The question I ask is:

If this vanished tonight, would I need it back?

If yes, it goes in the backup set. If no, it probably does not.

Why Restic fits

Restic is boring in the right way.

It runs from a single binary. It can target local storage or S3-compatible storage. It encrypts before data leaves the machine. It stores snapshots, so I can go back to a specific point in time. It deduplicates, so repeated backups do not mean repeated full copies.

That matches the homelab well. I do not need a big backup platform. I need a repeatable command, a clear retention policy, and a restore process I have actually tested.

The restore test

The restore test is the part that makes the backup real.

Every so often I restore something small into a temporary directory.
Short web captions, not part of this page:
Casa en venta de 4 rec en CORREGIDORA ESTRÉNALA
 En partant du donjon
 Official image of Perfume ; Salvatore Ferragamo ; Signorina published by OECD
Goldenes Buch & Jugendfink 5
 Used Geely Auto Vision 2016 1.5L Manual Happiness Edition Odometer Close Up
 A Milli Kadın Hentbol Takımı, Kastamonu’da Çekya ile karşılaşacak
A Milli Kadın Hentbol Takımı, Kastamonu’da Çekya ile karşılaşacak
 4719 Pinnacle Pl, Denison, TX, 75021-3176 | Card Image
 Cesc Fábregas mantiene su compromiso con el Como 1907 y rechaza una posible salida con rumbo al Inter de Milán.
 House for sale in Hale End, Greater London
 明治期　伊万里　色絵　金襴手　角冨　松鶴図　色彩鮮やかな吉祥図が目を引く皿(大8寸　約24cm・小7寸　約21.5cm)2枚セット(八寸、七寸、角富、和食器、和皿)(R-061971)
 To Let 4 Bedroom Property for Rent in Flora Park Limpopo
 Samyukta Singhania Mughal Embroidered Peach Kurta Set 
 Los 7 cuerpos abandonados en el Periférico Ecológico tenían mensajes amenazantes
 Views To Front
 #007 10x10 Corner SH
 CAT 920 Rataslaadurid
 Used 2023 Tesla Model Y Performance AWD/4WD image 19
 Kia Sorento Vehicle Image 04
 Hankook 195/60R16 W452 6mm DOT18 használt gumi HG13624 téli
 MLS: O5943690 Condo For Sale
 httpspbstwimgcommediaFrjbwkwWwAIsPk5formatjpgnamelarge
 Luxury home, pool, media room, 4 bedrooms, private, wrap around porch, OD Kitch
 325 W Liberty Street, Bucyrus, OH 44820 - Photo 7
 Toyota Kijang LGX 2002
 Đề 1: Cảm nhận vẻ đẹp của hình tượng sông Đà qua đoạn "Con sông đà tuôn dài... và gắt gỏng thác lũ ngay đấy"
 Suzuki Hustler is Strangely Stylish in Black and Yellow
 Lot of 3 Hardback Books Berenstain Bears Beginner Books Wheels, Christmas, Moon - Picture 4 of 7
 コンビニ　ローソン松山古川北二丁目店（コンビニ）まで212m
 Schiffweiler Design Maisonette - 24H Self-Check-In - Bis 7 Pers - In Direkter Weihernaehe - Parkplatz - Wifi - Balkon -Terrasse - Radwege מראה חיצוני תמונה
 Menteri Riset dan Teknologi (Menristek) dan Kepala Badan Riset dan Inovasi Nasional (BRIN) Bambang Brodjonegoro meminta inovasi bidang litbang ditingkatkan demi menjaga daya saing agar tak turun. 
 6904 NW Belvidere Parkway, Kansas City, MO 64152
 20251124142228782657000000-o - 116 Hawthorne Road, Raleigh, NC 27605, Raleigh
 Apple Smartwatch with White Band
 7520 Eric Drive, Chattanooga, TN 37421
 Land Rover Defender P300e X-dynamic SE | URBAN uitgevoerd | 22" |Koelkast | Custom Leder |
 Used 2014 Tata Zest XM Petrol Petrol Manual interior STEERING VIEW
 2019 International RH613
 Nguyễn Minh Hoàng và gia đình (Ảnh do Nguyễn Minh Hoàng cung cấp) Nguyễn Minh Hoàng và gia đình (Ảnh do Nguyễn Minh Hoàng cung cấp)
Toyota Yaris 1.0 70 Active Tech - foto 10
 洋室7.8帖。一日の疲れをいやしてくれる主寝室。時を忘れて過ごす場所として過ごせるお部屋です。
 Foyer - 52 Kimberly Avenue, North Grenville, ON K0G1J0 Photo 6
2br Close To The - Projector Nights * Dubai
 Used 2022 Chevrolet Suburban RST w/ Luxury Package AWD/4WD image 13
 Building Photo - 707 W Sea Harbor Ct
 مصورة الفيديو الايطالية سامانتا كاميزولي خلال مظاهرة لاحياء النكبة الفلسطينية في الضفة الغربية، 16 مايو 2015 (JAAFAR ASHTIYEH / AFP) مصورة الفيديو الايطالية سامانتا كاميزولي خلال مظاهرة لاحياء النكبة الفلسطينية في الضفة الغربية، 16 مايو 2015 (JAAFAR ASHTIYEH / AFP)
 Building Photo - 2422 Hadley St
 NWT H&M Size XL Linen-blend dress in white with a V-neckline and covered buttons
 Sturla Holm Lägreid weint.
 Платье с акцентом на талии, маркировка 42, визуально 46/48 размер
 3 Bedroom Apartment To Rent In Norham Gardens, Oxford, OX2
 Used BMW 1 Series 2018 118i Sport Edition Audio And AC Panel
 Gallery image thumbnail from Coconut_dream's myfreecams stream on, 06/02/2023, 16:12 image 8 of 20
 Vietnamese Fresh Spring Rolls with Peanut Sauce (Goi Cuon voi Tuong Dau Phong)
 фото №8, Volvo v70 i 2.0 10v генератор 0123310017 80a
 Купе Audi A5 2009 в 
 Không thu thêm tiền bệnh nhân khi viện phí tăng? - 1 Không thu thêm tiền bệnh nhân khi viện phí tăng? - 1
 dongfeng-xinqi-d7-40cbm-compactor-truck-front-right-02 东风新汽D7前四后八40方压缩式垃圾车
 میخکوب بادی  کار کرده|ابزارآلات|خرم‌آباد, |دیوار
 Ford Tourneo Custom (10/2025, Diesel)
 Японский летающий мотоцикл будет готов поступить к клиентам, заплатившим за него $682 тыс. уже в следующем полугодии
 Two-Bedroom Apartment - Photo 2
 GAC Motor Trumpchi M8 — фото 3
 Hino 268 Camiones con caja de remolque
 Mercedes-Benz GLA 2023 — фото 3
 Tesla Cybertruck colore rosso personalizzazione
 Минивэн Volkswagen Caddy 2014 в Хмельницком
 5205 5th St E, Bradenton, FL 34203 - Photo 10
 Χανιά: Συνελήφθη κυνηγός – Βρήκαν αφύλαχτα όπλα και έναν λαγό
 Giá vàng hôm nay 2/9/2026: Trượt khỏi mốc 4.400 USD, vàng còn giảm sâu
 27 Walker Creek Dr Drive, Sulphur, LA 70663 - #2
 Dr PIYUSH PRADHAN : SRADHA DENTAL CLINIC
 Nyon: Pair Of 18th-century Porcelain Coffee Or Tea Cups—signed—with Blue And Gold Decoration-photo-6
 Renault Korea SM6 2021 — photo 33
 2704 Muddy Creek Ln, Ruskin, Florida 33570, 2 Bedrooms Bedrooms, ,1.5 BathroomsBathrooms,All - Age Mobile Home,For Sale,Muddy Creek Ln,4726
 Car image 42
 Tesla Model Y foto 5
A Home Assistant file. A document. A service config. Something I can inspect.

That test answers questions a log cannot:

do the credentials still work?
do I know the password?
can the machine reach the repository?
did I include the right paths?
is the restored file actually usable?

The first time you learn a path was missing should not be during an actual failure.

Retention without hoarding

Restic will keep snapshots forever unless you tell it not to.

Forever sounds comforting until the repository grows for no good reason. I prefer a simple retention window: recent daily snapshots, a handful of weekly ones, and longer monthly points for the data that deserves it.

Different data can have different value. Some service config only needs a short window. Photos and documents deserve more care. The policy should match the consequence of loss, not a generic rule copied from a tutorial.

Alerts matter less than restores

I still want backup jobs to report failure. Silent failures are dangerous.

But alerts are not enough. A backup system can alert perfectly and still be useless if the wrong paths are selected or the restore process is unclear. So I treat alerts as one layer, not the whole answer.

The hierarchy is:

know what matters
back up the right paths
keep copies away from the primary storage
test restores
then worry about nicer reporting

That order keeps me honest.

Why I trust it now

I trust the setup because it is small enough to understand and because I have practised the uncomfortable bit: getting data back.

There is still room to improve it. There always is. Better reporting, better documentation, and more regular restore drills would all help. But the foundation is there.

The important data is not only sitting on the Pi cluster hoping nothing goes wrong. It has somewhere else to be, and I know how to bring it back.

That is what a backup is for.